Exercise brief: With the pictures left out, please return exactly the line holding "Christmas Village Set" and each following line until the entries end.

Data excerpts:

┌────────

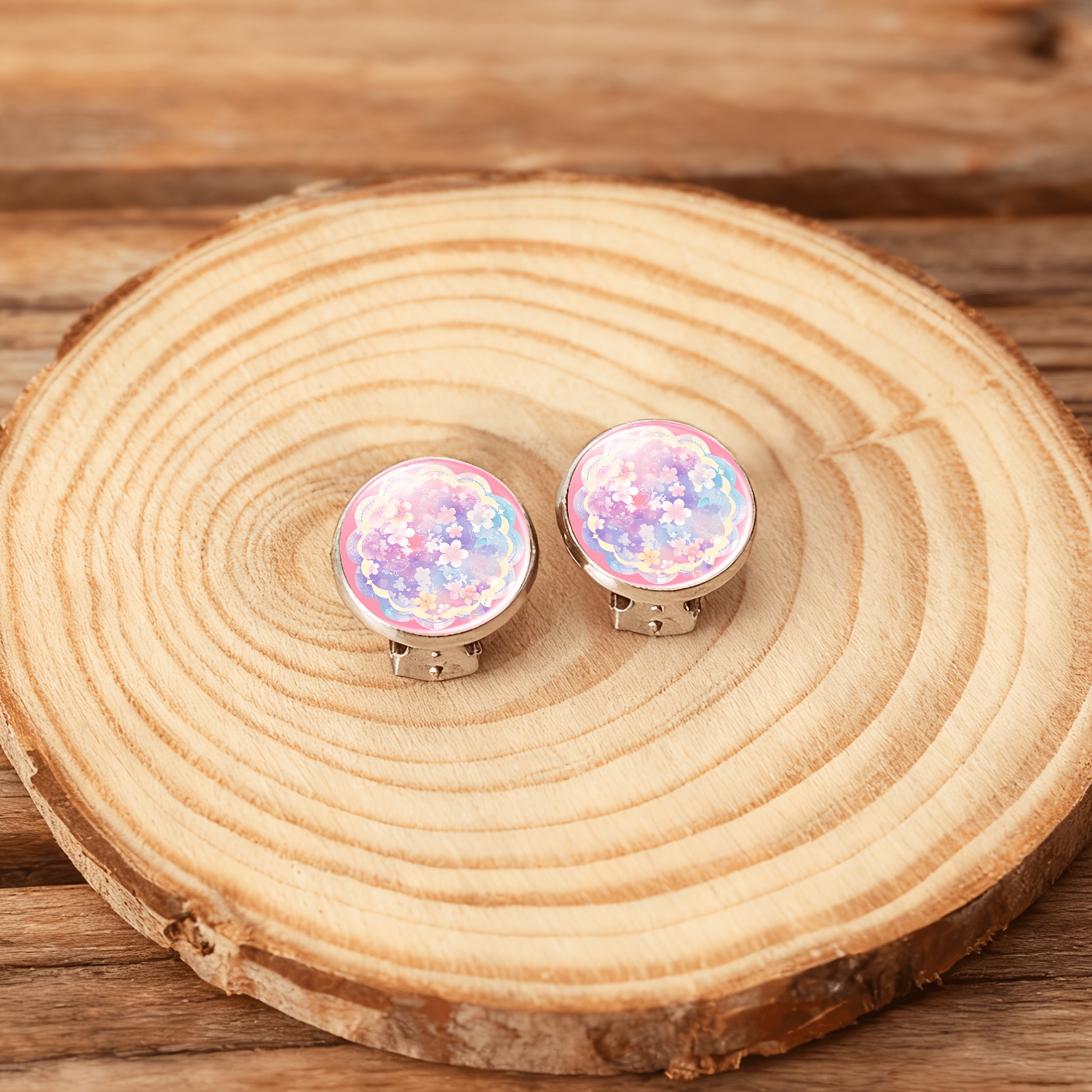 2pcs Set No-Pierced Round Glass Face Women'S Earrings with Floral Design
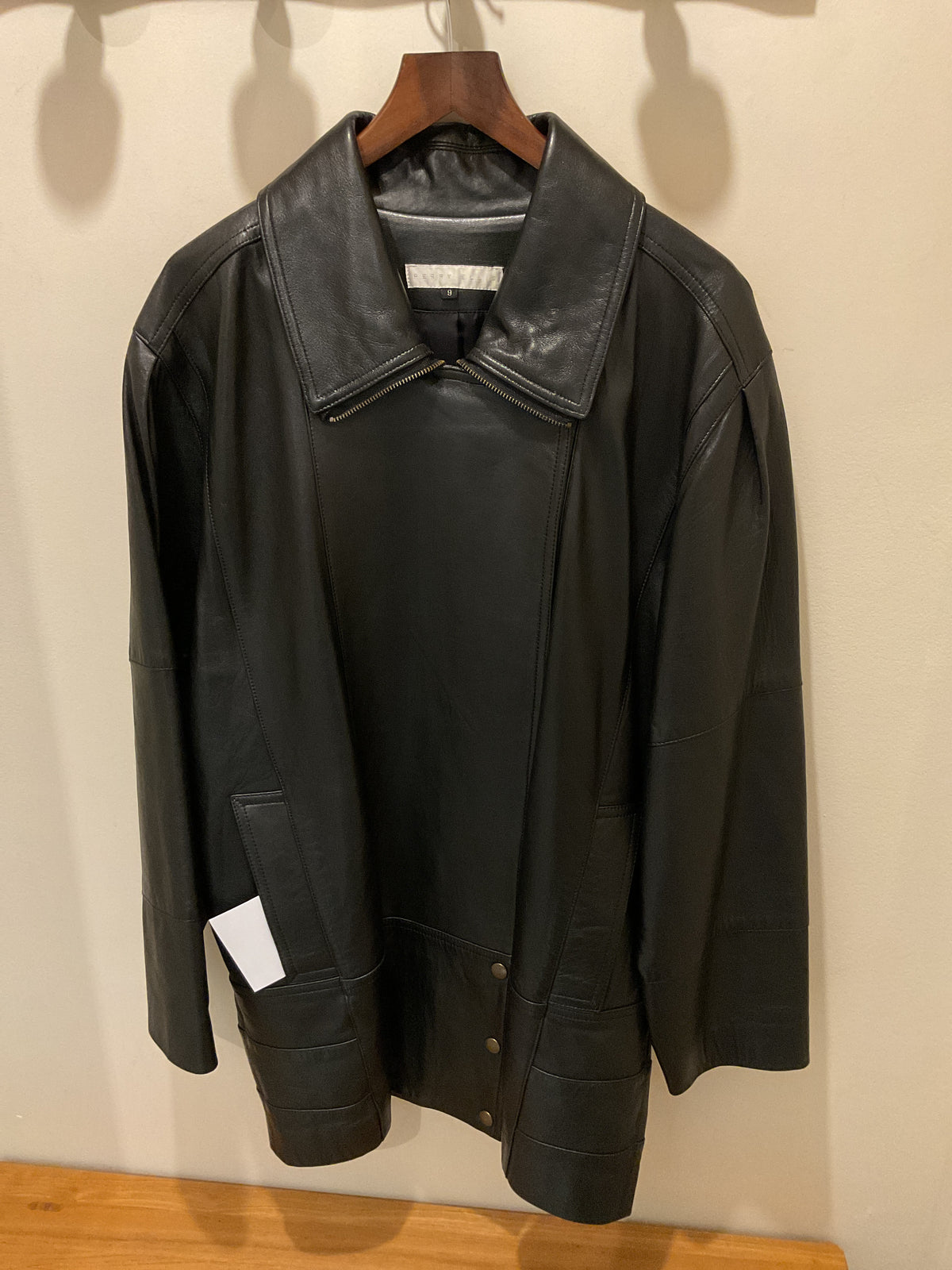 Perry Ellis | Black Mid-Length Leather Jacket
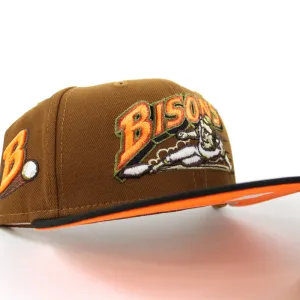 Buffalo Bisons BUFFALO B New Era 59Fifty Fitted Hat (Glow in the Dark TOASTED PEANUT BLACK HUNTER FLAME ORANGE  Under Brim)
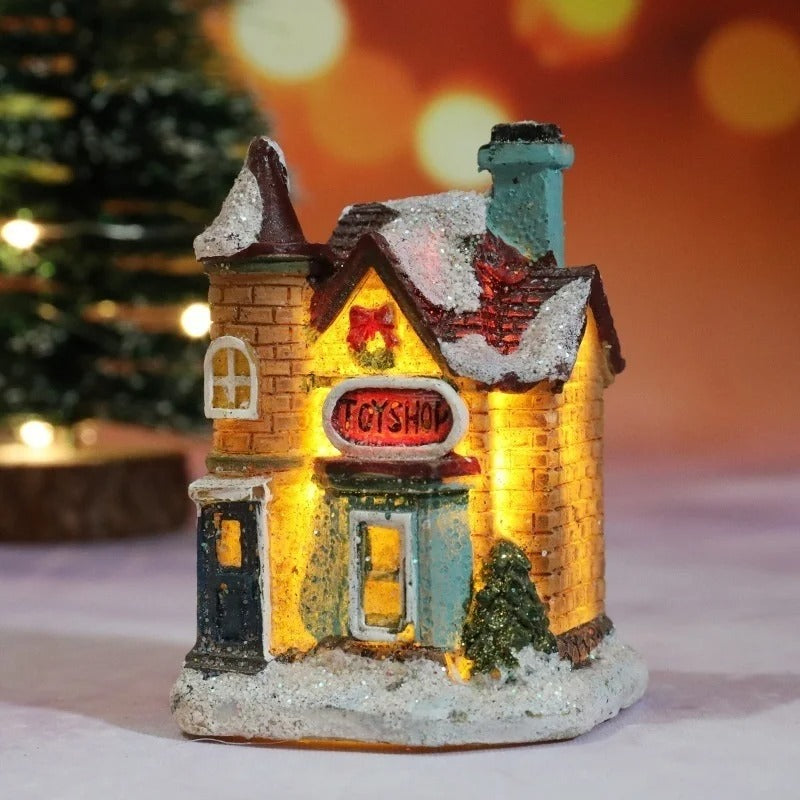 Christmas Village Set - 6 Hand-Painted Light Up Christmas Houses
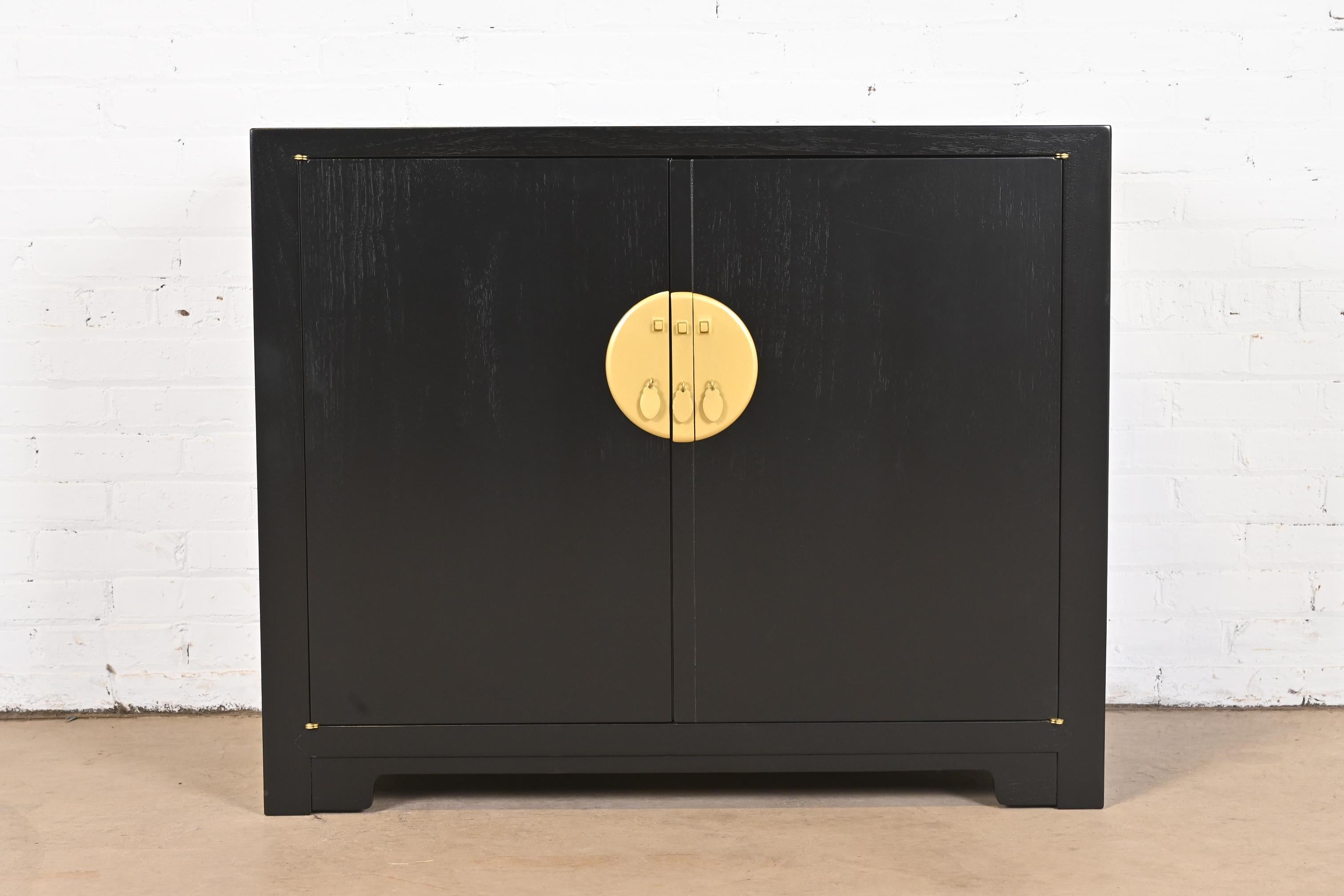 Mid-Century Modern Michael Taylor for Baker Far East Collection Black Lacquered Chinoiserie Cabinet
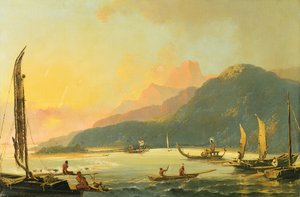 Tahitian War Galleys i Matavai Bay, Tahiti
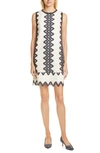 Kate Spade Sand Dune Sleeveless Lace Shift Dress In Black/ Cream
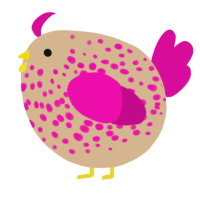 A beige and fuchsia chicken with a speckle pattern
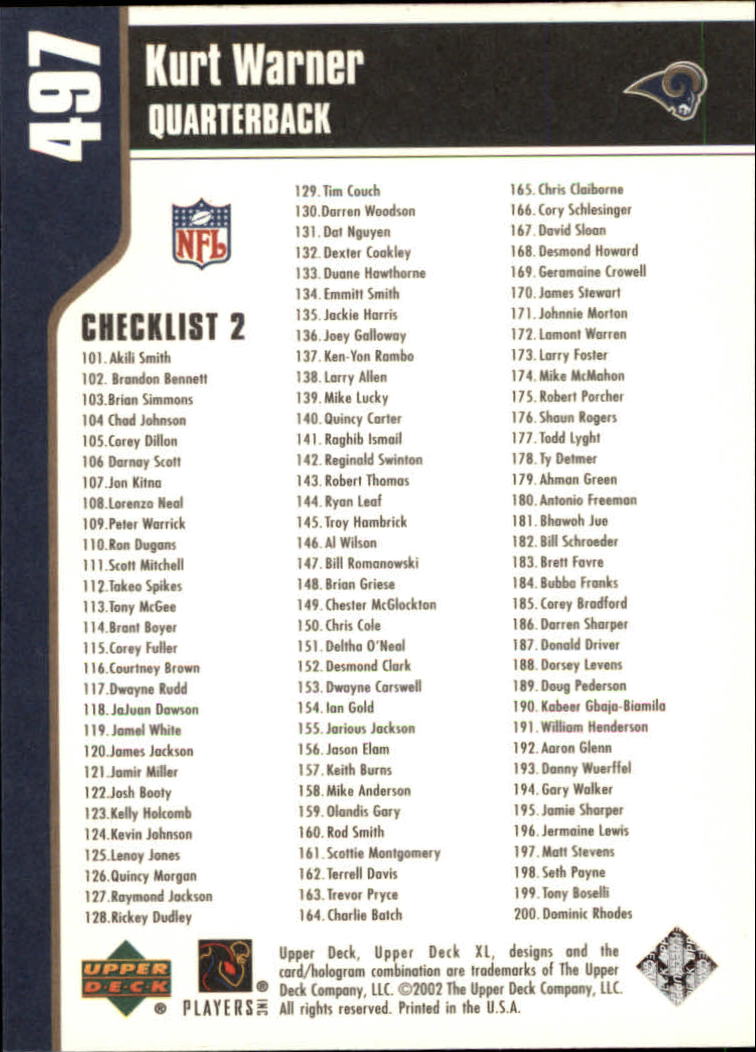 2002 XL (Upper Deck) Football "Main Set" Cards #301 to #596 - Picture 199 of 241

└────────

Reply to the exercise:
 Christmas Village Set - 6 Hand-Painted Light Up Christmas Houses
 Mid-Century Modern Michael Taylor for Baker Far East Collection Black Lacquered Chinoiserie Cabinet
 Tahitian War Galleys i Matavai Bay, Tahiti
 Kate Spade Sand Dune Sleeveless Lace Shift Dress In Black/ Cream
 A beige and fuchsia chicken with a speckle pattern
 2002 XL (Upper Deck) Football "Main Set" Cards #301 to #596 - Picture 199 of 241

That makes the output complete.